**Instructions to follow**. What is needed is an exact copy of all the records.

*** Begin section ***

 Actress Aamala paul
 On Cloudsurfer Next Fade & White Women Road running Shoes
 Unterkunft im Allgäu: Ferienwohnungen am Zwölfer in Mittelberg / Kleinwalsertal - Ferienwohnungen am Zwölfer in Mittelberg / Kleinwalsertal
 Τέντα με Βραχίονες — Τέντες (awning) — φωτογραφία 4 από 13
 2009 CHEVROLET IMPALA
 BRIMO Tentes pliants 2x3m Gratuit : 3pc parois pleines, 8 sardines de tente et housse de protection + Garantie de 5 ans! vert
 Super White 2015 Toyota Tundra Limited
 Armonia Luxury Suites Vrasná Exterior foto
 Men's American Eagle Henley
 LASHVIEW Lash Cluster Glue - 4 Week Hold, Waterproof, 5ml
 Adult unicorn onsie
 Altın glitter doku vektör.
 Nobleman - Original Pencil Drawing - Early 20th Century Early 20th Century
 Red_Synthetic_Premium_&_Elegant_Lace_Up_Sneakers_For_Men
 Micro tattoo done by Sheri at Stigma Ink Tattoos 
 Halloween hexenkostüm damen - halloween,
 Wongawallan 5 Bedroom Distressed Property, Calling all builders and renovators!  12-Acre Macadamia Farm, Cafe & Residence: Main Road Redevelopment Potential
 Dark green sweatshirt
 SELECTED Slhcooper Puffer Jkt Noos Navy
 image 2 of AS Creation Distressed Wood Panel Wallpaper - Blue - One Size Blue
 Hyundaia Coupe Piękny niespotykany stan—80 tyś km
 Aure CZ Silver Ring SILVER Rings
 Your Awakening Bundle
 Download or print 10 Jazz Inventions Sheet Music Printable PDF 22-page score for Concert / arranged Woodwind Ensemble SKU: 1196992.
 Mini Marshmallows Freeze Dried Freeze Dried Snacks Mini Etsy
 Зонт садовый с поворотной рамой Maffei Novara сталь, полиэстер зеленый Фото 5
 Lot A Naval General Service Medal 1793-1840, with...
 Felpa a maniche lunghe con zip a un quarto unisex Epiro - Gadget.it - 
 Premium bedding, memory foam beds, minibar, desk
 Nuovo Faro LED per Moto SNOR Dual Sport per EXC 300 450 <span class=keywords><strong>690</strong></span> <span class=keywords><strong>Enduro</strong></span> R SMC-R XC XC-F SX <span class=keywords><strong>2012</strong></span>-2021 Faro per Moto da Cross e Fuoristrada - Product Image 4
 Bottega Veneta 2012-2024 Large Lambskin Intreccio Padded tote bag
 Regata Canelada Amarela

*** End section ***

**Answer to this exercise**.
 Actress Aamala paul
 On Cloudsurfer Next Fade & White Women Road running Shoes
 Unterkunft im Allgäu: Ferienwohnungen am Zwölfer in Mittelberg / Kleinwalsertal - Ferienwohnungen am Zwölfer in Mittelberg / Kleinwalsertal
 Τέντα με Βραχίονες — Τέντες (awning) — φωτογραφία 4 από 13
 2009 CHEVROLET IMPALA
 BRIMO Tentes pliants 2x3m Gratuit : 3pc parois pleines, 8 sardines de tente et housse de protection + Garantie de 5 ans! vert
 Super White 2015 Toyota Tundra Limited
 Armonia Luxury Suites Vrasná Exterior foto
 Men's American Eagle Henley
 LASHVIEW Lash Cluster Glue - 4 Week Hold, Waterproof, 5ml
 Adult unicorn onsie
 Altın glitter doku vektör.
 Nobleman - Original Pencil Drawing - Early 20th Century Early 20th Century
 Red_Synthetic_Premium_&_Elegant_Lace_Up_Sneakers_For_Men
 Micro tattoo done by Sheri at Stigma Ink Tattoos 
 Halloween hexenkostüm damen - halloween,
 Wongawallan 5 Bedroom Distressed Property, Calling all builders and renovators!  12-Acre Macadamia Farm, Cafe & Residence: Main Road Redevelopment Potential
 Dark green sweatshirt
 SELECTED Slhcooper Puffer Jkt Noos Navy
 image 2 of AS Creation Distressed Wood Panel Wallpaper - Blue - One Size Blue
 Hyundaia Coupe Piękny niespotykany stan—80 tyś km
 Aure CZ Silver Ring SILVER Rings
 Your Awakening Bundle
 Download or print 10 Jazz Inventions Sheet Music Printable PDF 22-page score for Concert / arranged Woodwind Ensemble SKU: 1196992.
 Mini Marshmallows Freeze Dried Freeze Dried Snacks Mini Etsy
 Зонт садовый с поворотной рамой Maffei Novara сталь, полиэстер зеленый Фото 5
 Lot A Naval General Service Medal 1793-1840, with...
 Felpa a maniche lunghe con zip a un quarto unisex Epiro - Gadget.it - 
 Premium bedding, memory foam beds, minibar, desk
 Nuovo Faro LED per Moto SNOR Dual Sport per EXC 300 450 <span class=keywords><strong>690</strong></span> <span class=keywords><strong>Enduro</strong></span> R SMC-R XC XC-F SX <span class=keywords><strong>2012</strong></span>-2021 Faro per Moto da Cross e Fuoristrada - Product Image 4
 Bottega Veneta 2012-2024 Large Lambskin Intreccio Padded tote bag
 Regata Canelada Amarela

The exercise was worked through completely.